Currently I'm using the standard netcat -e /bin/sh to provide a remote shell for other computers to access.

The problem is however that this shell is rather terrible, since it has limited output. For example if I send some invalid command xxxxx, I will get no response from the machine, but on the machine there will be an error in the terminal saying /bin/sh: xxxxx: not found.

If I use the shell to launch a console application, often I cannot see anything the console application outputs, and I can't Ctrlz over the shell because that will close netcat on the machine. It's a mess, I'd like it to work just like SSH (which I can't use).

Instead of piping everything to /bin/sh like I'm doing with netcat, would it be possible to create a custom application instead that will show me all the outputs in a terminal? Is it possible somehow get the text off the terminal, regardless of what process wrote to it?

Would it be possible to start an sshd on the box, and then netcat -e "ssh root@localhost" and do it that way? (I've tried this, doesn't seem to work).

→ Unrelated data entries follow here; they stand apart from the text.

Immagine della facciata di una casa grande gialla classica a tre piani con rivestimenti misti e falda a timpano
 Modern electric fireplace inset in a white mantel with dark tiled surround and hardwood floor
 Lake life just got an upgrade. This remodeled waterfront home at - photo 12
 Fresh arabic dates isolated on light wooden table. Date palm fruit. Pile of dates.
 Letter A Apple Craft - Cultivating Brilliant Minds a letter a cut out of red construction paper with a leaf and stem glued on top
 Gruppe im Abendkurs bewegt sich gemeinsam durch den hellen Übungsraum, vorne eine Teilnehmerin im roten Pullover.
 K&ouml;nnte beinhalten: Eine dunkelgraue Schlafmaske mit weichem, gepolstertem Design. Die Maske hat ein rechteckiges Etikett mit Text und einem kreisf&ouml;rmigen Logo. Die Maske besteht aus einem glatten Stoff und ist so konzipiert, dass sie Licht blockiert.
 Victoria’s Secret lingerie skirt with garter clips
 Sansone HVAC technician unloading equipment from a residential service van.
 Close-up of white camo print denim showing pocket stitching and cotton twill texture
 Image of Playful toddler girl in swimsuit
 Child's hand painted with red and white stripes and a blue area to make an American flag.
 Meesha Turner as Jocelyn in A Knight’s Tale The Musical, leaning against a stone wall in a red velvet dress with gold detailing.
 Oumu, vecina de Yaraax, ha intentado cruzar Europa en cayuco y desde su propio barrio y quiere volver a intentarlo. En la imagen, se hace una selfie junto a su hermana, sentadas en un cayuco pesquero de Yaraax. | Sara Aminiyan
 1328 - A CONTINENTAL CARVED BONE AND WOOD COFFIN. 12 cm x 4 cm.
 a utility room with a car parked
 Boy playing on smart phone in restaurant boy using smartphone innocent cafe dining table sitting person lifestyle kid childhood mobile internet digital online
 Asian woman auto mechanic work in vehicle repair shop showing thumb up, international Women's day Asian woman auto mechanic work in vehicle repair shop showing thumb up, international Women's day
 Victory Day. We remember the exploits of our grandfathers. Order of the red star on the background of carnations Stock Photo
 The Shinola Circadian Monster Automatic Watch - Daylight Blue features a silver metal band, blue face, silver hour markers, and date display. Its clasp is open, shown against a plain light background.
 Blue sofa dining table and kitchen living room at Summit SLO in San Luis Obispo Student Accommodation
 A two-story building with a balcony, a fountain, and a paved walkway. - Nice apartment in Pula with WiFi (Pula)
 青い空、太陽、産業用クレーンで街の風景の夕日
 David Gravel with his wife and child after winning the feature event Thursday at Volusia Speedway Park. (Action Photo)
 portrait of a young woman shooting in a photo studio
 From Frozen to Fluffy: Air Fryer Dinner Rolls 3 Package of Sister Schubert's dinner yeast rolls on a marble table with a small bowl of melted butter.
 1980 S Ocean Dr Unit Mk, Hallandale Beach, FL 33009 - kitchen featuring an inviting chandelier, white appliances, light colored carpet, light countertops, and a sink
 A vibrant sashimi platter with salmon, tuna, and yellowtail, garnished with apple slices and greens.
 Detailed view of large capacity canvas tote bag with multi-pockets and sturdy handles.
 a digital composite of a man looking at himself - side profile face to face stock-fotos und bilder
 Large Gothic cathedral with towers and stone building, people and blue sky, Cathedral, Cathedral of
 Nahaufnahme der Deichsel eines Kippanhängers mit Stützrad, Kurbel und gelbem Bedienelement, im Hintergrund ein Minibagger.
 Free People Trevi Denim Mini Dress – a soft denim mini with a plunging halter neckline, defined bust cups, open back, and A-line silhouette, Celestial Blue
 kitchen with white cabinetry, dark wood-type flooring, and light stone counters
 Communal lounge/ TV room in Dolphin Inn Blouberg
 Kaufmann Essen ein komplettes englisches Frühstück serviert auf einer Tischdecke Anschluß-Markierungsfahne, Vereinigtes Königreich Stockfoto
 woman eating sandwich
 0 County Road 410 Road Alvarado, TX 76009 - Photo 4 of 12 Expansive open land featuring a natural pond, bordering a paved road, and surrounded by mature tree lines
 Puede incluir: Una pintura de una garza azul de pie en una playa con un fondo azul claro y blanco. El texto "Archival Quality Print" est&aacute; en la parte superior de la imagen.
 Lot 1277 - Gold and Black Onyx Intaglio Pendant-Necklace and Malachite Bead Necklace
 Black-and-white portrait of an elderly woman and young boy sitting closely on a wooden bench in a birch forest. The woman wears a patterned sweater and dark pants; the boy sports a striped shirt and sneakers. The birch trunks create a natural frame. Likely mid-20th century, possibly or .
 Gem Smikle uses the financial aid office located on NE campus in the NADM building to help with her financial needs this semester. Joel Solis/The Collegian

I'm looking for any kind of solution.

  • 3
    Why can't you use SSH? Or rsh or telnet for that matter? Trying to reproduce their functionality is going to be a lot of work.
    – Mat
    Mar 29 '14 at 8:33
  • If you have an answer for your own question, please put it as an answer rather than an edit to the question. That will help future visitors with the same issue. Thank you.
    – mattdm
    Mar 29 '14 at 12:37

Creating a "custom application" would be re-implementing telnet / ssh. This is, of course, possible, but not necessary.

If there is sshd (or telnetd) on the host you can start it from your netcat-shell session with e.g. /usr/sbin/sshd -p <port> -D 2>&1 and then do ssh -p <port> root@<host> on your client. You might need to add further options to sshd, perhaps create a config file and give it in the command line: /usr/sbin/sshd -f <config-file> ...

If not, you can use the netcat session to upload telnetd or sshd, set up the needed environment / config and run it on some port.

You can also make a wrapper around your shell to redirect stderr to stdout, like /bin/sh 2>&1, which would allow you to see stderr in your netcat session, but would not give you "real terminal" functionality.

Another option is DISPLAY=<client>:0 xtrem if you have xterm or equivalent on the host and X Server on the client.